Records:
- Opening Delimiter -
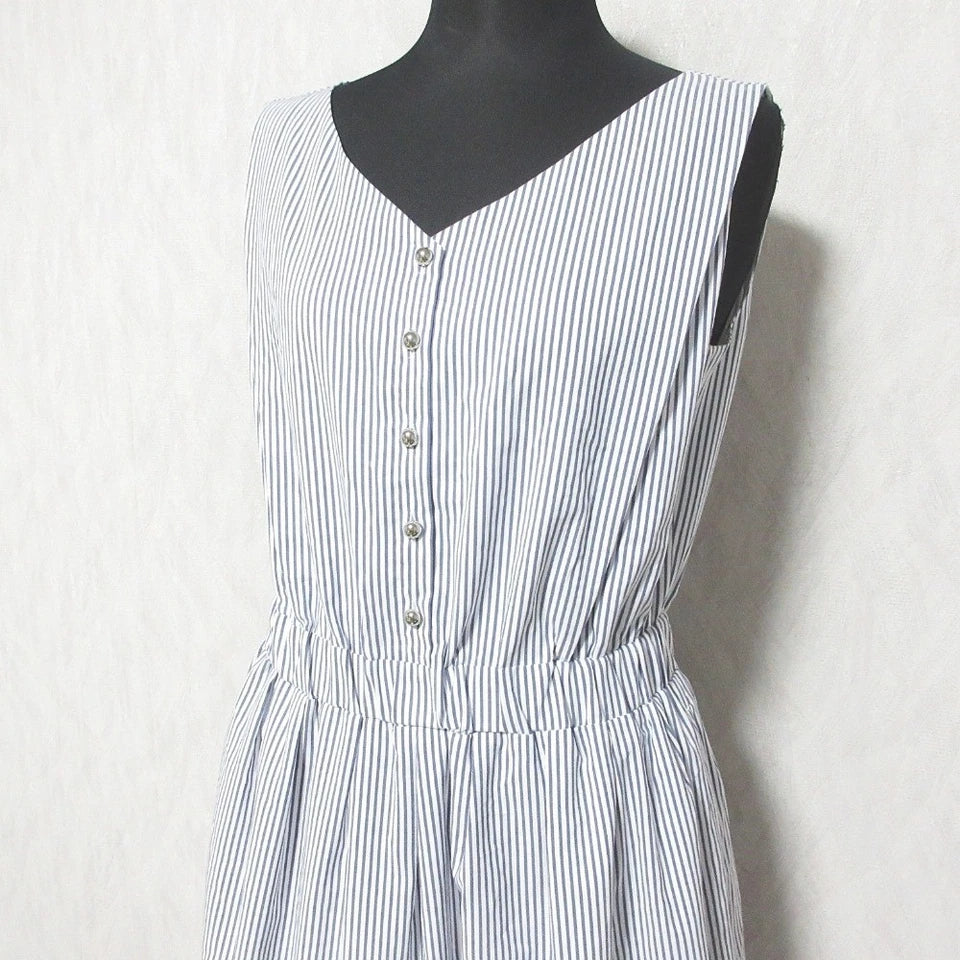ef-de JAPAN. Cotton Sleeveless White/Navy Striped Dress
- Closing Delimiter -
- Opening Delimiter -
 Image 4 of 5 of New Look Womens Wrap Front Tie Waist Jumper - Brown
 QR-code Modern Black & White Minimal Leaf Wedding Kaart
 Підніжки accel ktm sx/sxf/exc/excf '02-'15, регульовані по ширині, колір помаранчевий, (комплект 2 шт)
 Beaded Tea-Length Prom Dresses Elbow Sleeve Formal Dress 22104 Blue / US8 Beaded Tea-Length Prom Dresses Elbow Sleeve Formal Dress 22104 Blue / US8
- Closing Delimiter -
- Opening Delimiter -
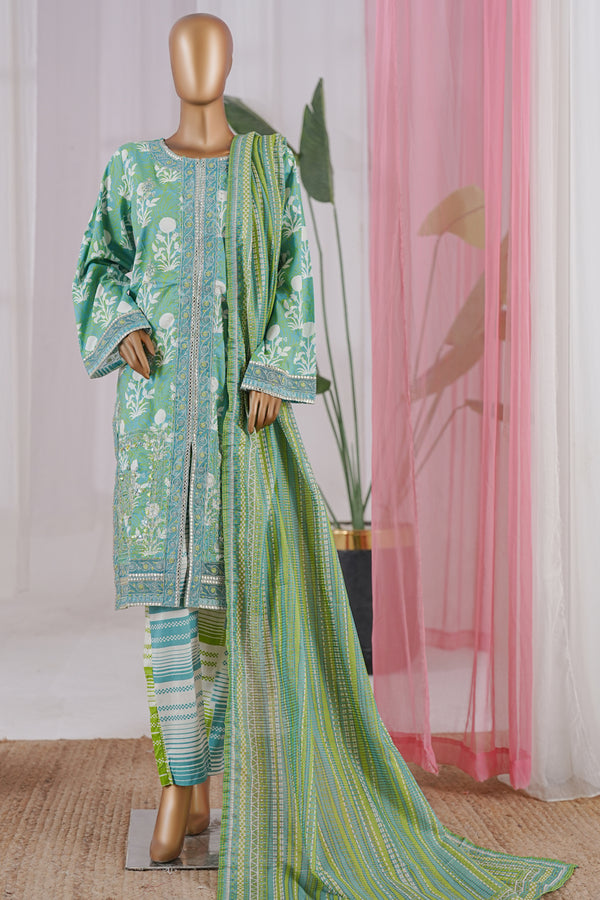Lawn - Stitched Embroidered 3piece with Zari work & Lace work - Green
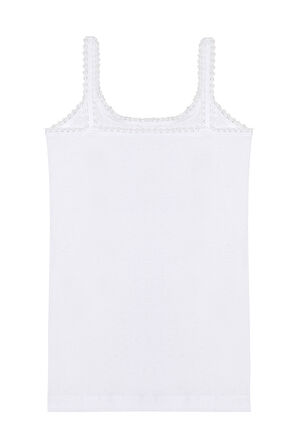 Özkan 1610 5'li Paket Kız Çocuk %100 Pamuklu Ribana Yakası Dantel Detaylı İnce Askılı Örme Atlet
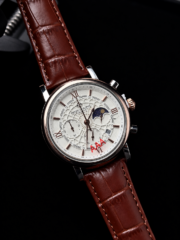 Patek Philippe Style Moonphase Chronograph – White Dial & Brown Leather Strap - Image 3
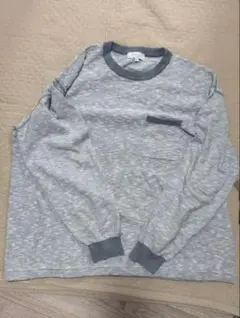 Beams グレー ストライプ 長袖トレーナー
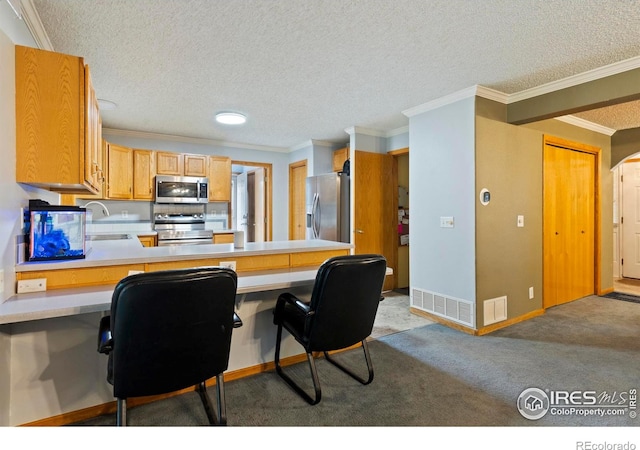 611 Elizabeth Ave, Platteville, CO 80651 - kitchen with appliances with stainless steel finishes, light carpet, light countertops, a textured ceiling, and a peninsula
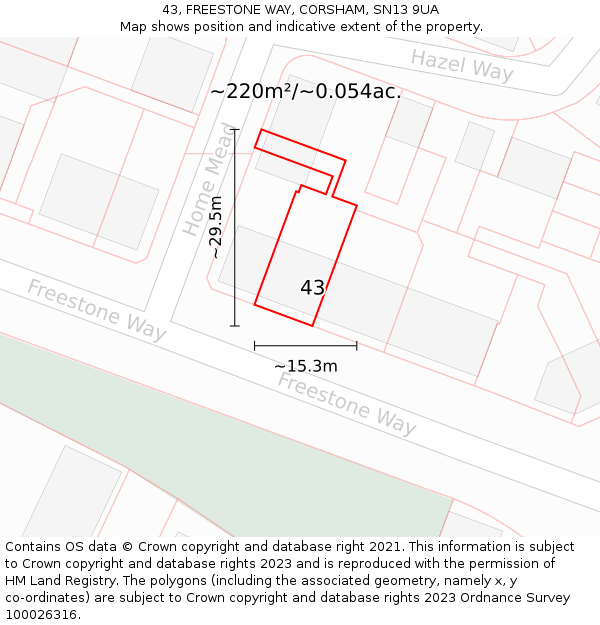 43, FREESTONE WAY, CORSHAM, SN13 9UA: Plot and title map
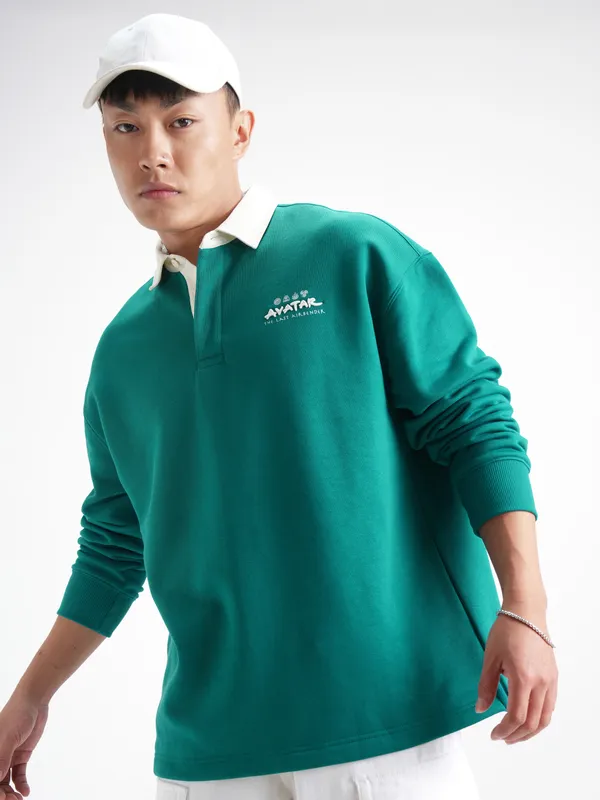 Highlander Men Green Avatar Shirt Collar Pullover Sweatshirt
- Closing Delimiter -
How to complete this task: In the listing above, find the line with "611 Elizabeth Ave, Platteville, CO" and the line with "Highlander Men Green". Copy exactly those lines and all between them, minus the images.

Reply to the task:
 611 Elizabeth Ave, Platteville, CO 80651 - kitchen with appliances with stainless steel finishes, light carpet, light countertops, a textured ceiling, and a peninsula
 43, FREESTONE WAY, CORSHAM, SN13 9UA: Plot and title map
 Highlander Men Green Avatar Shirt Collar Pullover Sweatshirt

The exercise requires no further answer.